Bárbara Matias Kariri estreia na literatura com poesia que resgata memória do povo Kariri
Livro é resultado da trajetória profissional e pessoal da multiartista e busca, por meio da poesia, contar história coletiva do povo Kariri
Atriz, performer, roteirista, pesquisadora e doutora em Artes – são muitas as facetas que constroem a trajetória profissional de Bárbara Matias Kariri. Porém, antes disso tudo, houve a conexão com a palavra.
Multiartista nascida e criada na Aldeia Marrecas, em Quitaiús, Lavras da Mangabeira, Bárbara acompanhou, desde pequena, o contexto de revitalização da memória do povo Kariri na região – incluindo o período de desmonte da comunidade do Marreco em meio à construção do Açude do Rosário, que ocorreu quando tinha apenas seis anos de idade.

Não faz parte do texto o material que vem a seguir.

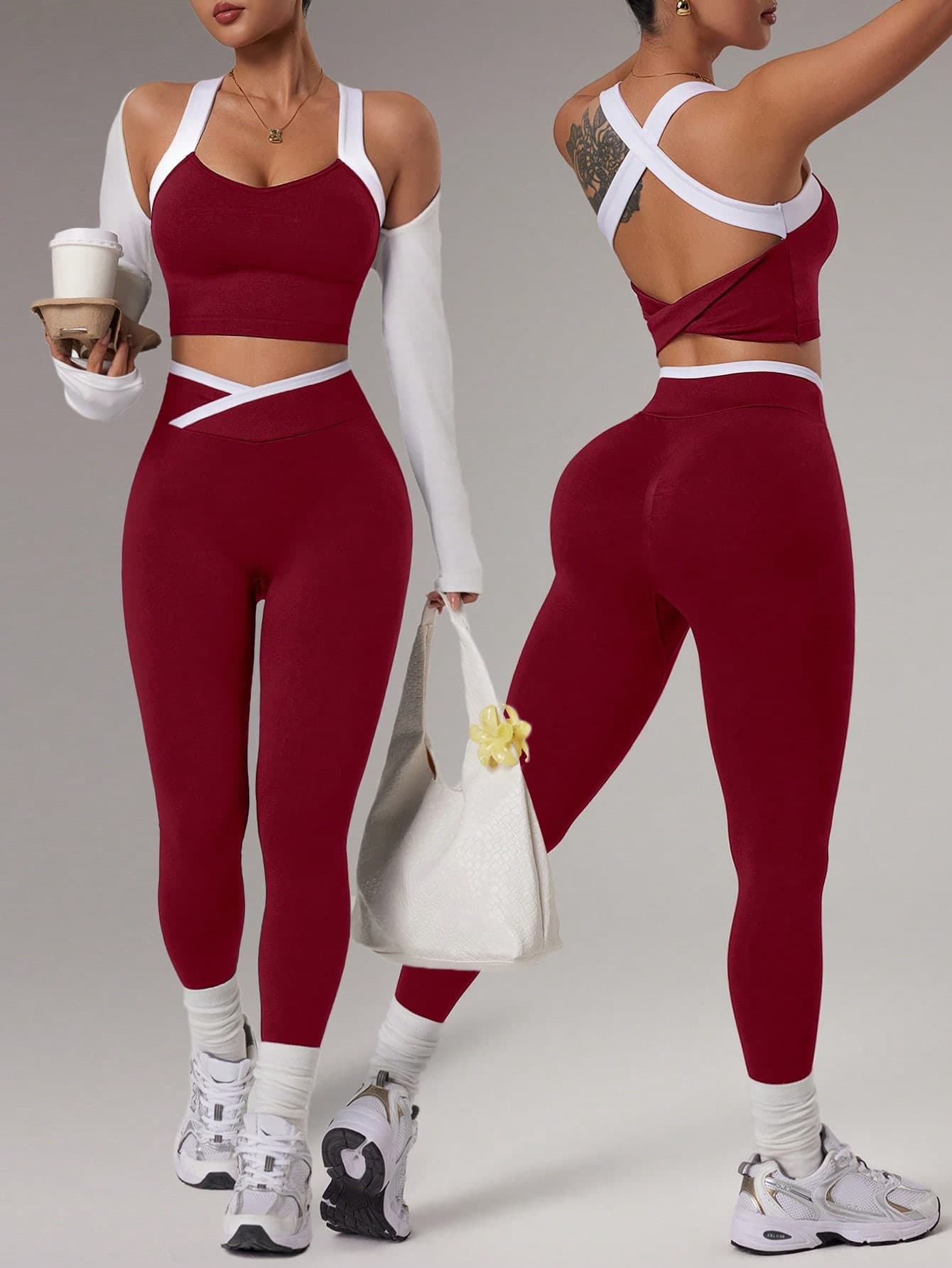 Dewbera Dewbera 1 Set White Seamless Sports Set, Sleeveless Backless, Soft Comfortable Fitted, Suitable For Workout, Running, Casual Athleisure, Yoga Gym Summer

Na época, Bárbara viu familiares e amigos serem obrigados a se afastarem de seus entes queridos e tradições e migrarem para o contexto urbano para conseguir sobreviver. A experiência traumática fez com que a luta pelos direitos indígenas integrasse as memórias mais antigas da artista – e foi por meio da escrita que Bárbara encontrou ferramentas para lidar com as dores do passado e projetar sonhos para o futuro.
Após quase duas décadas de escritos acumulados, neste mês, a artista caririense de 31 anos estreia no mercado editorial com “Poesia da Terra”, coletânea de mais de 50 poemas publicada pela editora Feminas. O livro, que conta com ilustrações da artista cearense Indja, foi publicado após ser aprovado em primeiro lugar no Programa de Ação Cultural de São Paulo (ProAC), e será lançado simultaneamente na capital paulista e online no próximo sábado (21).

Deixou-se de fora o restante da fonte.